• Work instructions
Output exactly the lines from the one with "this 250×188 image." to the close of the records below, first and last included.

• Available records

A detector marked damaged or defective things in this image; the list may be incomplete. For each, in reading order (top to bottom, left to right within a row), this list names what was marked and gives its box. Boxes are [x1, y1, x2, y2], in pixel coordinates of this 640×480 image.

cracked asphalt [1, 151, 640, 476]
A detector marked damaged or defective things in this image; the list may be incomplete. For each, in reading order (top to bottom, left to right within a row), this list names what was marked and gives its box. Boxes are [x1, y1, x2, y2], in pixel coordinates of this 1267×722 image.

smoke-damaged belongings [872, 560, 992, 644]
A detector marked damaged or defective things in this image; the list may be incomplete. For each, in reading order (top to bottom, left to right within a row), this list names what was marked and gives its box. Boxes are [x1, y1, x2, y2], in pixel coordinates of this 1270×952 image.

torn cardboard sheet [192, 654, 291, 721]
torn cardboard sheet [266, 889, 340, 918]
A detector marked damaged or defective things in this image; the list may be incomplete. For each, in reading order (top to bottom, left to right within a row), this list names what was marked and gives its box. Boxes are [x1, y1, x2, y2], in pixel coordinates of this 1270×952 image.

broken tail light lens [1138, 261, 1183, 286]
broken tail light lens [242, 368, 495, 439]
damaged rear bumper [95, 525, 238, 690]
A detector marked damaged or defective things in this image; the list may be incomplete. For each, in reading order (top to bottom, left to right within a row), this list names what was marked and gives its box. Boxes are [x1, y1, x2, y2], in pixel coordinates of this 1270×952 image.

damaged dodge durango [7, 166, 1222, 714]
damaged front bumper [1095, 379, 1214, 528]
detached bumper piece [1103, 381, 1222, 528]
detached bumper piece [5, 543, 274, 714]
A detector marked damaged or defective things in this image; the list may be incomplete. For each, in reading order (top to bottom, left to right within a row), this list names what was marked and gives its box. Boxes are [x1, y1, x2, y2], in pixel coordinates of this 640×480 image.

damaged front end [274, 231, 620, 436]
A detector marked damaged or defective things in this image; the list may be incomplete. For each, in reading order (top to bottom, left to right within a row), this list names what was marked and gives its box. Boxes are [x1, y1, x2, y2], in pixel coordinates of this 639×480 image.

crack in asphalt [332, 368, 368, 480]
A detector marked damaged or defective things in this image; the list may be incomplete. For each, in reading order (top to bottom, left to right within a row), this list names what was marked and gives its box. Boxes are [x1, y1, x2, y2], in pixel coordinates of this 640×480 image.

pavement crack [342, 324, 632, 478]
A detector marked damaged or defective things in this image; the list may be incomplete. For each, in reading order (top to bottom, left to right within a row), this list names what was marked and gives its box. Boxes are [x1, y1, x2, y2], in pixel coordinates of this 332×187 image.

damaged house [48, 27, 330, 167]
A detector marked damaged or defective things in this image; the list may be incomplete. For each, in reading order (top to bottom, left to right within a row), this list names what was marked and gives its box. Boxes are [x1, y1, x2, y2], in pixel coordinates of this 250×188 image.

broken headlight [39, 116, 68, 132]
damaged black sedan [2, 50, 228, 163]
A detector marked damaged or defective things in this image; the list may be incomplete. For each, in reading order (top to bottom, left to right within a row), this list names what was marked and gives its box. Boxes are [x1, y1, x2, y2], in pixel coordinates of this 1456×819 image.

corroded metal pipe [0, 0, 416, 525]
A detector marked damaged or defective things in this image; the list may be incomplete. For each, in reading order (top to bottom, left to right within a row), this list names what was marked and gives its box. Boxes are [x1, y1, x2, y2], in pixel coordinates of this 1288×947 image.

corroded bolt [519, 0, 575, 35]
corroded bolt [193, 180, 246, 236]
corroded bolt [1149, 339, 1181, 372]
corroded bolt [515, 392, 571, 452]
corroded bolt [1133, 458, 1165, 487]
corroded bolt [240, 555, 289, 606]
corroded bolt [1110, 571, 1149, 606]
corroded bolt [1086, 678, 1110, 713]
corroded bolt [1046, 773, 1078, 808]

• Result for this exercise
A detector marked damaged or defective things in this image; the list may be incomplete. For each, in reading order (top to bottom, left to right within a row), this list names what was marked and gives its box. Boxes are [x1, y1, x2, y2], in pixel coordinates of this 250×188 image.

broken headlight [39, 116, 68, 132]
damaged black sedan [2, 50, 228, 163]
A detector marked damaged or defective things in this image; the list may be incomplete. For each, in reading order (top to bottom, left to right within a row), this list names what was marked and gives its box. Boxes are [x1, y1, x2, y2], in pixel coordinates of this 1456×819 image.

corroded metal pipe [0, 0, 416, 525]
A detector marked damaged or defective things in this image; the list may be incomplete. For each, in reading order (top to bottom, left to right within a row), this list names what was marked and gives its box. Boxes are [x1, y1, x2, y2], in pixel coordinates of this 1288×947 image.

corroded bolt [519, 0, 575, 35]
corroded bolt [193, 180, 246, 236]
corroded bolt [1149, 339, 1181, 372]
corroded bolt [515, 392, 571, 452]
corroded bolt [1133, 458, 1165, 487]
corroded bolt [240, 555, 289, 606]
corroded bolt [1110, 571, 1149, 606]
corroded bolt [1086, 678, 1110, 713]
corroded bolt [1046, 773, 1078, 808]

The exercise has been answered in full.